Mais si chaque action de votre personnage entraîne des conséquences que vous allez facilement voir et élaborer, ce qui va motiver les actions sont un couple fondamental dans la construction d'un individu : le couple peur/désir. Deux moteurs très très forts, systématiquement présents dans chaque action. Faites le test pour vous, ou pour vos proches. Chercher les motivations de telle ou telle décision importante de votre vie ou de la leur, et à l'origine de toutes, il y a ce couple peur/désir. Même votre choix d'écrire est motivé par une peur qui s'entremêle à un désir. Et quand vous le trouvez, vous savez que vous avez la vraie raison des actions des gens, leur vraie motivation et pas des excuses débiles. Parce que plus vous allez vous astreindre à cet exercice, plus vous allez vous rendre compte de la capacité des gens à se mentir à soi-même, et vous le premier.

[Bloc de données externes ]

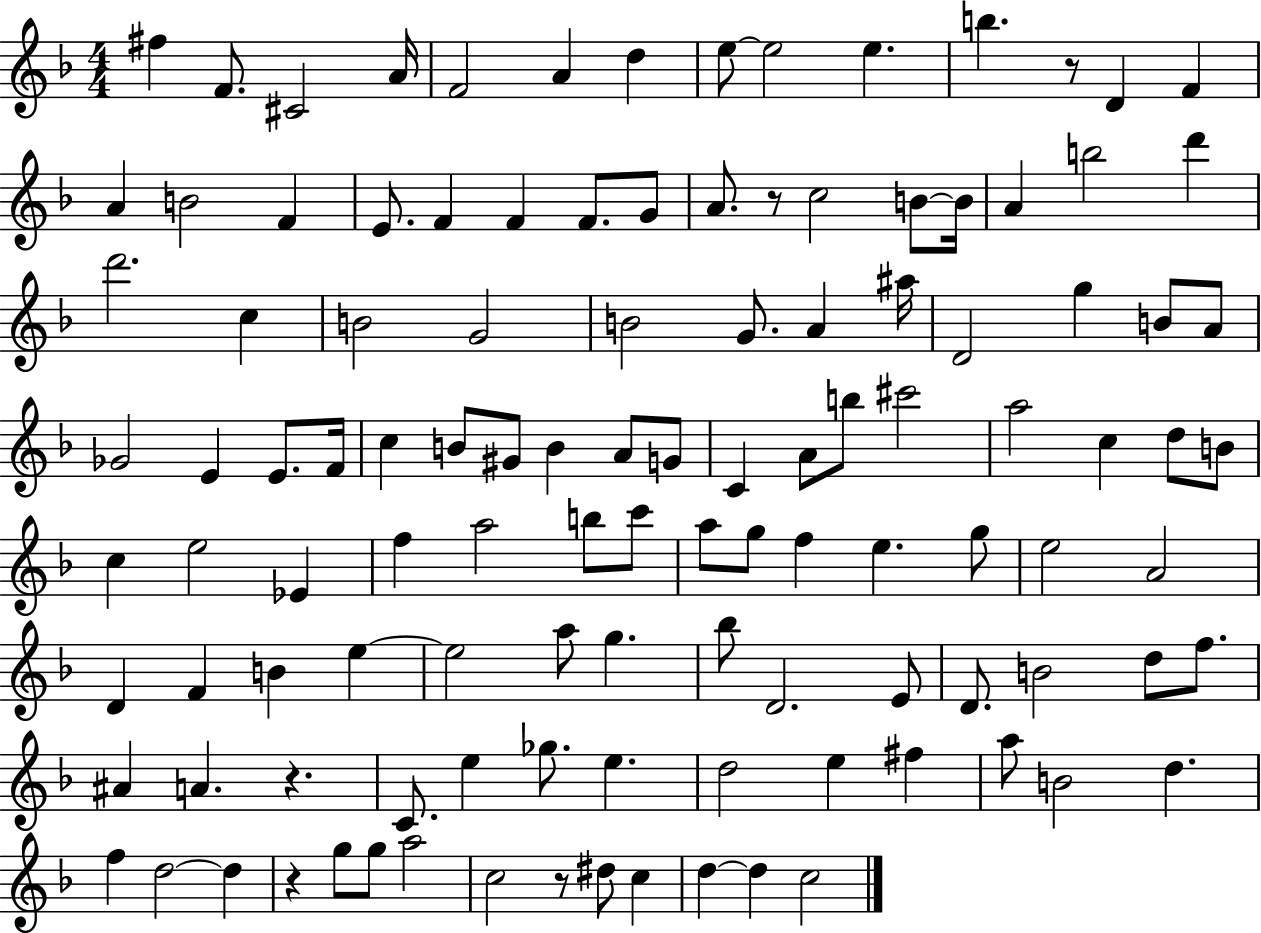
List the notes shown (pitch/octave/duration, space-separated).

F#5/q F4/e. C#4/h A4/s F4/h A4/q D5/q E5/e E5/h E5/q. B5/q. R/e D4/q F4/q A4/q B4/h F4/q E4/e. F4/q F4/q F4/e. G4/e A4/e. R/e C5/h B4/e B4/s A4/q B5/h D6/q D6/h. C5/q B4/h G4/h B4/h G4/e. A4/q A#5/s D4/h G5/q B4/e A4/e Gb4/h E4/q E4/e. F4/s C5/q B4/e G#4/e B4/q A4/e G4/e C4/q A4/e B5/e C#6/h A5/h C5/q D5/e B4/e C5/q E5/h Eb4/q F5/q A5/h B5/e C6/e A5/e G5/e F5/q E5/q. G5/e E5/h A4/h D4/q F4/q B4/q E5/q E5/h A5/e G5/q. Bb5/e D4/h. E4/e D4/e. B4/h D5/e F5/e. A#4/q A4/q. R/q. C4/e. E5/q Gb5/e. E5/q. D5/h E5/q F#5/q A5/e B4/h D5/q. F5/q D5/h D5/q R/q G5/e G5/e A5/h C5/h R/e D#5/e C5/q D5/q D5/q C5/h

Et là, vous allez redonner du sens aux ambivalences de vos personnages, vous les tiendrez bien fermement tout en leurs laissant leur capacité d'action. Ils pourraient même vous surprendre !

Vous allez trouvez également que l'être humain n'est pas très original au fond : comme pour les thèmes des romans, les motivations sont fondamentalements toutes issues de peurs assez récurrentes et de désirs assez communs. C'est la réaction de chacun face à ces éléments qui va singulariser vos personnages.

Exemple : désir d'amour / peur de l'abandon

Plusieurs personnages possibles : la mère possessive qui emprisonne ses enfants dans son giron ; le père incestueux qui se justifie comme il peut ; la fiancée psychopathe qui tue les ex de son compagnon ; le jeune homme ultra perfectionniste qui veut l'approbation de son père ; toutes les formes d'emprise et de manipulation ; la surconsommation amoureuse sans engagement ; le rejet de son homosexualité ; la relation adultère ; etc.

On peut en trouver des dizaines d'autres, à vous de pousser votre curseur de pourcentages pour soit équilibrer la balance, soit faire basculer les choses. Et de garder en tête que selon les circonstances, les mêmes peurs, les mêmes désirs, vont entraîner des choses très très différentes et c'est là que le "background" du personnage entrera en jeu : sa culture, son éducation, son entourage, et les évènements de sa vie. Tout ce qui constitue sa personnalité.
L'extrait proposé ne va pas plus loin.